*Given information*:
──────────

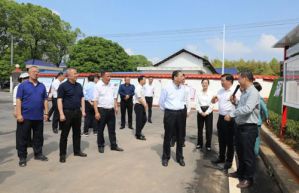 胡国安陪同长沙市人大常委会党组书记调研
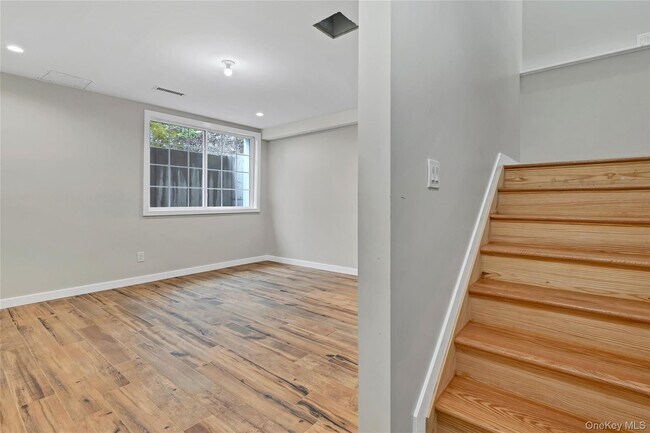 Foto del edificio - 501 Iron Forge Ln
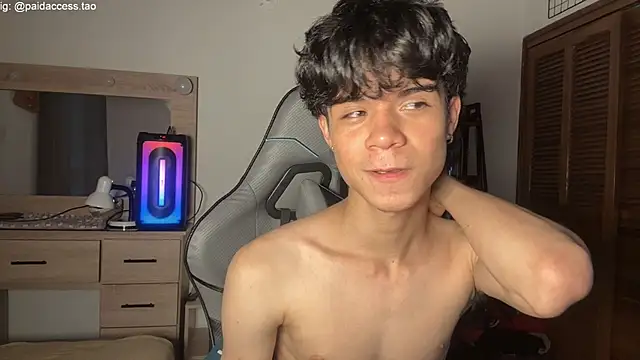 OopsAgain_ Live XXX-chat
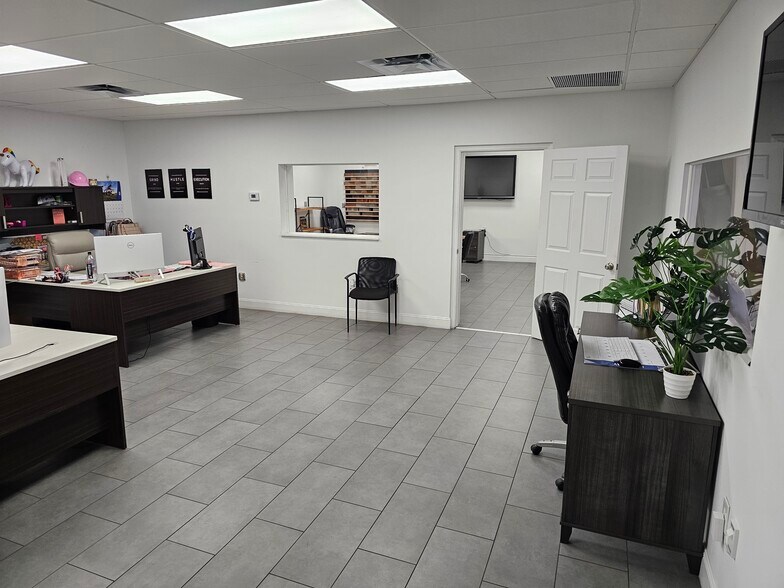 More Photos Of 1313 S Killian Dr, Lake Park Manufacturing For Lease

──────────

*What is needed*: Pictures stay out of this copy. Retype exactly the lines from the one with "OopsAgain_ Live XXX-chat" through the last line of the data, both ends included, and nothing more.

*Written response*:
 OopsAgain_ Live XXX-chat
 More Photos Of 1313 S Killian Dr, Lake Park Manufacturing For Lease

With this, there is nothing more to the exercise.